For the data that follows, print the line with "Lale buketli kadın", the line with "通学かばんを背負って家族のも", and all lines between them, exactly as they stand. Omit pictures and add nothing.

**** Exercise materials ****

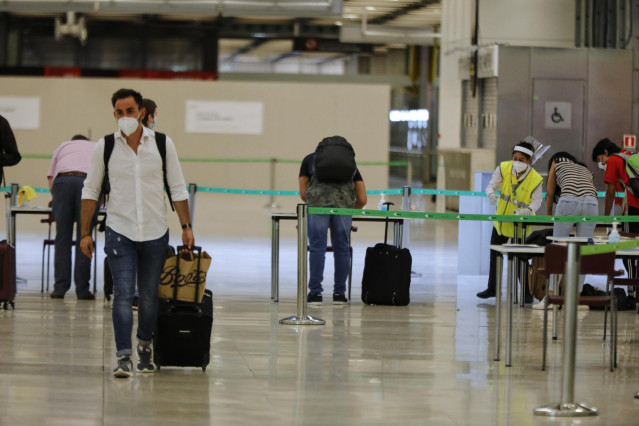 Pasajeros procedentes de Londres rellenan un formulario a su llegada al Aeropuerto de Madrid-Barajas Adolfo Suárez.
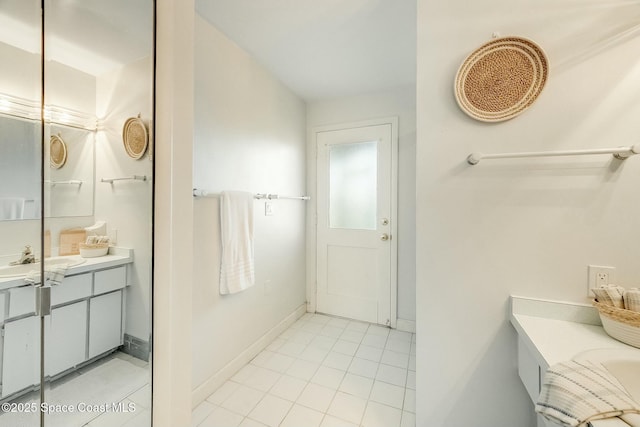 full bath with baseboards, vanity, and tile patterned flooring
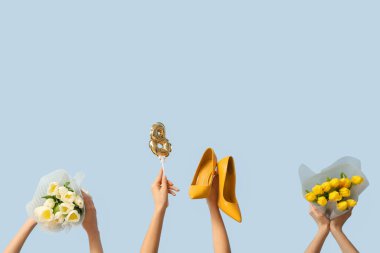 Lale buketli kadın eller, yüksek topuklu ayakkabılar ve mavi arka planda şekil 8 şeklinde balon. Uluslararası Kadınlar Günü kutlamaları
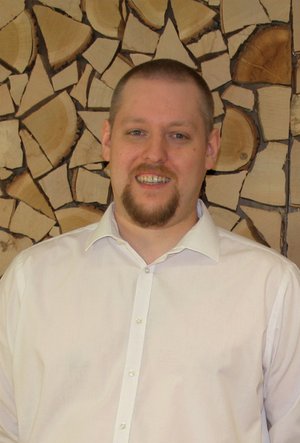 Kundendiensttechniker Florian März vor einer Holzwand
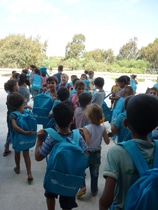 通学かばんを背負って家族のもとに帰る、スポーツ・シティー避難所の子どもたち。（シリア）
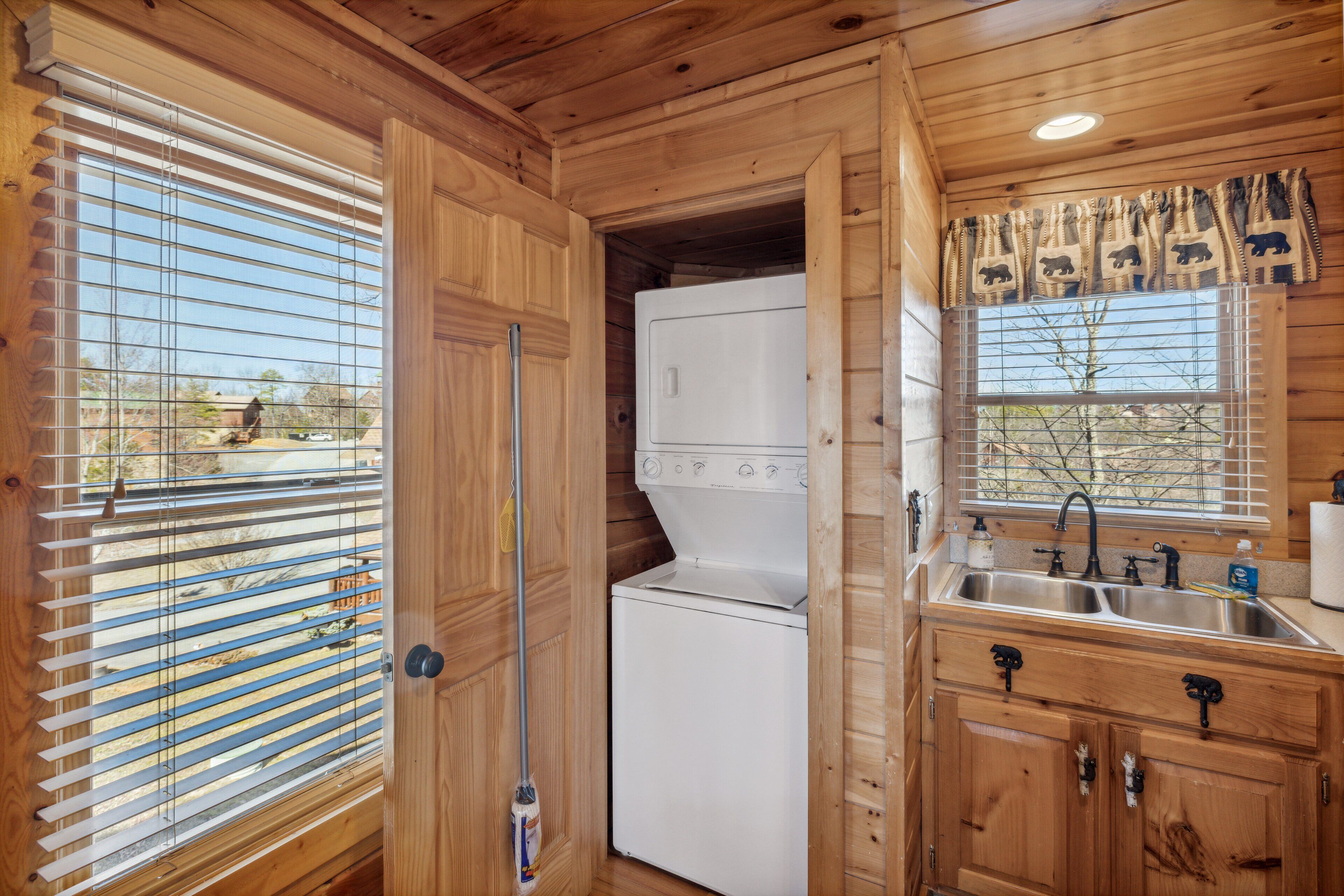 A compact kitchen with wooden cabinetry, a built-in washer and dryer, a sink, and a window with blinds.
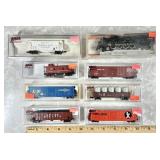 8 Atlas "N" Scale model train cars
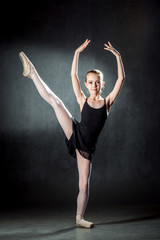Ballerina. Cute little girl posing and dancing in studio. The girl is studying ballet.
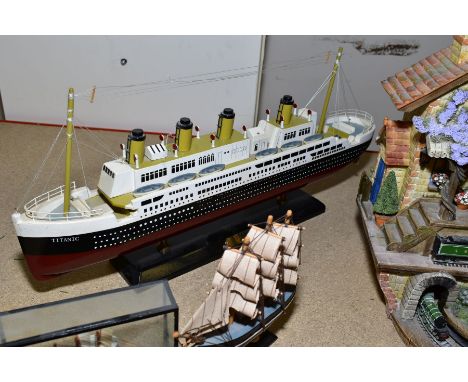 A MODEL OF TITANIC, length 53cm x height 23cm, including stand with a resin cuckoo type mantle clock featuring The Flying Sco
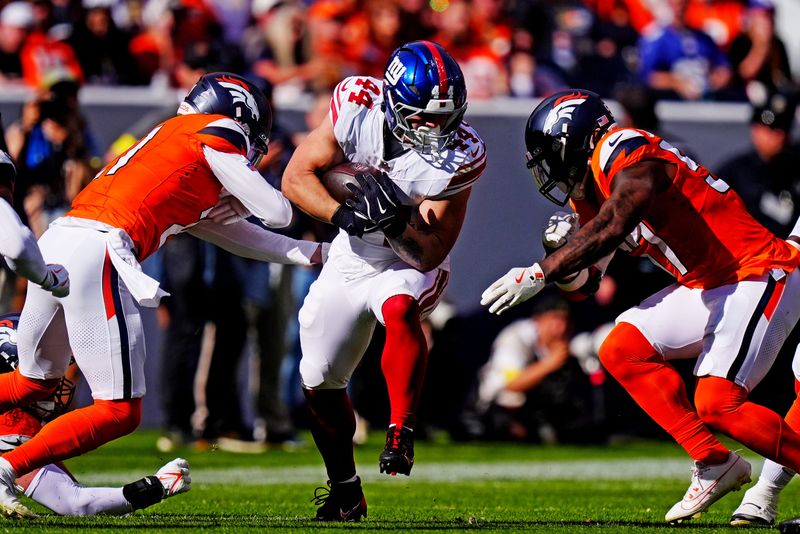 Oct 19, 2025; Denver, Colorado, USA; New York Giants running back Cam Skattebo (44) runs the ball against pressure from the Denver Broncos during the second half at Empower Field at Mile High. Mandatory Credit: Ron Chenoy-Imagn Images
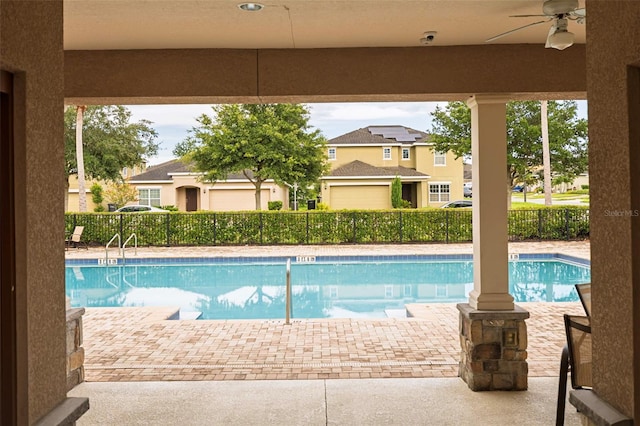 565 Ogelthorpe Dr, Davenport, FL 33897 - community pool with a ceiling fan and a patio area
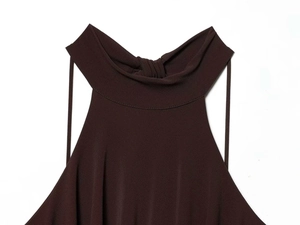 Detail of dark brown halter neckline with knot design and premium knitted texture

****

§ **Response**:
 Lale buketli kadın eller, yüksek topuklu ayakkabılar ve mavi arka planda şekil 8 şeklinde balon. Uluslararası Kadınlar Günü kutlamaları
 Kundendiensttechniker Florian März vor einer Holzwand
 通学かばんを背負って家族のもとに帰る、スポーツ・シティー避難所の子どもたち。（シリア）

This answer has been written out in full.